Critique certifiée sans révélation.
Des éléments peuvent préparer de futurs lecteurs à certaines perturbations.
Ce gros livre de 590 pages regroupe toutes les aventures de
Dilvish le Damné. Une histoire épique 100% fantaisie, fait plutôt exceptionnel pour l'auteur, s'offre à nous derrière cette magnifique couverture d'un chevalier en armure à l'épée scintillante sur un cheval cuirassé, affrontant sans peur une nuée de flèches devant une imposante citadelle.
11 nouvelles introduisent l'oeuvre principale, Terres changeantes (que je critiquerais en second temps). Elles sont toutes intéressantes, chacune à sa manière, et bourrées de qualité. Malheureusement, leur lecture a également été gênée par quelques perturbations.
J'ai mis du temps à passer outre la première, la faute à la couverture : s'il est bien question d'un cheval d'acier (et quel personnage, tout droit sorti des enfers !), il n'est question ni d'armure ni d'épée scintillante. le héros est un elfe tout en souplesse, muni de bottes magiques. Cela implique un comportement du héros très différent de l'image mentale de bourrin que l'on m'avait suggérée avant l'ouverture du livre. Dommage, il est toujours frustrant de se faire une représentation fausse d'un personnage.
Dès les premières pages, l'histoire est intense. Une chasse à l'homme, un cheval d'acier, une guerre qui s'annonce, douze Abominables Formules, un héros en quête de vengeance, de redoutables ennemis. Tous les éléments d'une grande épopée se mettent en place en quelques nouvelles avec un réel brio, il faut bien le souligner. Lorsque le héros passe à l'offensive, survient alors ma seconde perturbation : la nouvelle suivante raconte une toute autre histoire de notre héros. Les événements en cours sont du passé, des personnages oubliés, seul reste un goût d'inachevé. Je me suis sérieusement demandé si je lisais bien l'histoire dans l'ordre chronologique, s'il ne fallait pas introduire la lecture de Terres changeantes à un moment ou à un autre.

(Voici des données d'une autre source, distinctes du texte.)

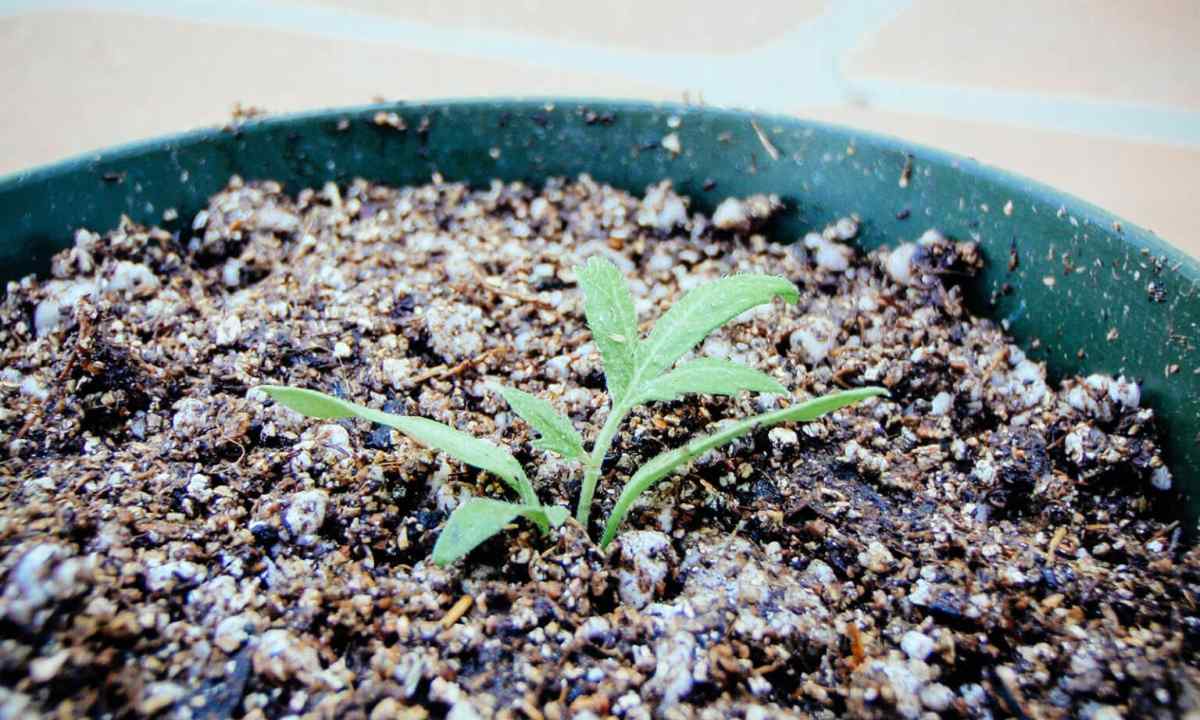 How to make seedling of tomatoes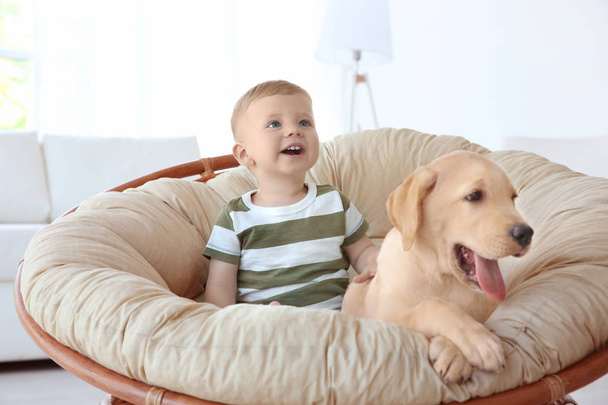 Cute child with Labrador - Φωτογραφία, εικόνα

Une fois ce saut temporel admis, l'histoire de Dilvish rappelle agréablement les légendes Arthuriennes, dont les nouvelles n'ont d'autre lien que le fil rouge de l'histoire (ici, la vengeance personnelle promise dès le début par le héros). Elles sont de rythmes, de durées et de genres différents, mais jamais décevantes. du quotidien et de l'anodin surgissent spontanément des dangers dans ce monde dangereux, riche en histoires, en lieux et en personnages.
En un sens, le roman Terres changeantes est lui-même une troisième (et dernière !) perturbation : Dilvish et son surprenant cheval d'acier ne sont plus les seuls dans la danse. Ce n'est plus une épopée, tout se concentre en un lieu où les plus puissants sorciers semblent vouloir se rassembler. Beaucoup de forces en présence avec leurs propres ambitions entourent notre héros qui progresse doucement. La base de l'histoire est solide, et l'idée de ce château Hors-du-Temps, au centre de ces terres changeantes, est absolument géniale. le tout a un véritable air de final.
Mis à part l'une des nouvelles (La tour de Glace), aucune n'est vraiment en lien avec cette histoire. Dommage qu'aucun personnage n'y ait été introduit pour donner un peu plus de sens et de cohérence à l'ensemble, mais au moins nous permettent-elles de nous familiariser avec ce formidable duo de héros. Encore une fois,
Zelazny nous fait preuve de son imagination et de son talent de conteur. Un univers et une histoire à la hauteur des productions habituelles de
Zelazny.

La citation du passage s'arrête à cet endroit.